|Alumnus promotes presidential dollar
By Courtney Brasel
Public relations, junior
If you have a new $1 presidential coin jingling around in your pocket, chances are you heard about it through the efforts of department alumnus Michael Schiferl.
As second vice president, director of media relations for the highly regarded Weber Shandwick Worldwide, Schiferl, B.A., 1989, was directly involved with shaping and implementing the editorial media outreach efforts promoting the new coins. The prestigious firm began working with the U.S. Mint in October 2006 to help implement the $1 Presidential Coin Act of 2005.
"We have had multiple waves of media outreach with enormous success and widespread editorial coverage in both print and electronic media outlets, both online and offline," said Schiferl, who joined Weber Shandwick Worldwide in 2004 after many years at various industry posts.
The first big media event was the unveiling of the new coins' designs at a well-staged press event at the Presidential Portrait Gallery in Washington, D.C., in November. "Virtually every paper in the country, TV station, major radio network and key online portals covered or posted the story, even as page 1 news," he said.
After the design unveil, he and his team continued to "seed" stories about the forthcoming coins via local events and media interviews. For instance, schools in select cities held George Washington look-alike contests to promote the first coin, which honors the nation's first president.
"A big component of the campaign is also about the educational value of the coins in school rooms, much like the very successful 50 States Quarters Program on which the $1 Presidential Coin Act is based."
In February, near President's Day, the actual coins went into circulation. "Again we did the full-court press with media outreach, garnering coverage across the world," he said. "We did a ceremonial ‘first spend' with the director of the U.S. Mint in New York City's Grand Central station, and had the public be able to do a coin exchange, dollar bills for coins."
Throughout the process, Schiferl spoke directly to producers and reporters at many outlets, arranging in-studio interviews for the mint director with outlets such as CNN and "The Today Show." In addition to the more "serious" news outlets, the coins were also featured on such shows as "Regis & Kelly," and were even a question on the game show "Jeopardy."

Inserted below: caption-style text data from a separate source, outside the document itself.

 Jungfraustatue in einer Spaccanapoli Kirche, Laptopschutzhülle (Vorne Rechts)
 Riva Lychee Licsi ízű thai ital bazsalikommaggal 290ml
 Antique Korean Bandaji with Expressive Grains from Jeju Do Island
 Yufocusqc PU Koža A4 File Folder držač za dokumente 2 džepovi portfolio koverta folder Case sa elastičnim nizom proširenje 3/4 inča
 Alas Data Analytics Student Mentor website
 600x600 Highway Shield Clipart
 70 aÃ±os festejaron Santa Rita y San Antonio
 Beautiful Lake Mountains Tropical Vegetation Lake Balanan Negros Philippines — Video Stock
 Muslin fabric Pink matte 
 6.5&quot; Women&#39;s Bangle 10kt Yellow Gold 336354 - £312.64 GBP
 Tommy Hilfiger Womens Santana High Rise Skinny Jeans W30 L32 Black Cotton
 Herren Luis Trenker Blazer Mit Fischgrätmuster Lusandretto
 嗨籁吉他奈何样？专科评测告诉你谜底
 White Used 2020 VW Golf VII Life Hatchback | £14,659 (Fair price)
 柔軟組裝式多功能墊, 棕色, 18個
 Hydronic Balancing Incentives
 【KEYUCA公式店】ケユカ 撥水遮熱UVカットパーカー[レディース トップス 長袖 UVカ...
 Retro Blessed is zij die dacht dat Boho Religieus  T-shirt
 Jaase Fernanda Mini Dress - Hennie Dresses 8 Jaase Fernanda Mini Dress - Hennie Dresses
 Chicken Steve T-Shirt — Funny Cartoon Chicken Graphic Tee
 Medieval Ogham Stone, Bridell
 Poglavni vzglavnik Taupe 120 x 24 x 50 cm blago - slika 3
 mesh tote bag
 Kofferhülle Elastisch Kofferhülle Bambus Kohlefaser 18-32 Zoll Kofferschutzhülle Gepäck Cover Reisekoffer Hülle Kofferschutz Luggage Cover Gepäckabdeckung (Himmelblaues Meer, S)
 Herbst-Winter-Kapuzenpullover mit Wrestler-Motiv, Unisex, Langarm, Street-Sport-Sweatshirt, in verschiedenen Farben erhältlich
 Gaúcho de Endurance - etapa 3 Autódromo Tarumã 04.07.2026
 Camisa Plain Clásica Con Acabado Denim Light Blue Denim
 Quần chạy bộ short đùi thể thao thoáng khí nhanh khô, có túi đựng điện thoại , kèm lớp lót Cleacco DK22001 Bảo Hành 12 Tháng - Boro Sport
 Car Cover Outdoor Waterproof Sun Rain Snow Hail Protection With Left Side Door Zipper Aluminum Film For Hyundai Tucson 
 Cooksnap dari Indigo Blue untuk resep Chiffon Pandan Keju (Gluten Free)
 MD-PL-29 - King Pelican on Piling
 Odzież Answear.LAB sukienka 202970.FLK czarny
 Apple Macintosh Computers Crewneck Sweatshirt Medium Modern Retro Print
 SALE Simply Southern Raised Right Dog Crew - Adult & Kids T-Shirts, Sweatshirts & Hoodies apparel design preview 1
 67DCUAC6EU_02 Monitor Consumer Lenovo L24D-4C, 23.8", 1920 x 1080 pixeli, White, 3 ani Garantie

"Across these early phases of the program, we've been able to garner about 4,000 known editorial stories about the new coins and more are still coming."
Schiferl said the vast majority of press has been neutral or positive, but most importantly, has included messages that the U.S. Mint wanted to be sure were conveyed, such as the new coins aren't replacing dollar bills.
The successful push is just one in a long line of campaigns that Schiferl was involved in. Over the years he has worked on dozens of editorial outreach campaigns for Microsoft's X-box, Harley-Davidson, Kentucky Fried Chicken, even the "got milk?" campaign, among others. Most recently, he was working with the New Orleans visitors and convention bureau to promote Mardi Gras.
"I've been fortunate to have worked on some of the biggest brands and PR campaigns in the industry over the years," he said.
Even though he is busy, Schiferl still finds ways to stay connected to Purdue. He is on the advisory board of Discovery Research Park and has participated in Com Day, hosted by Purdue's chapter of the Public Relations Student Society of America. He also joined many department professors in a goodwill visit to Tsinghua University in China last year.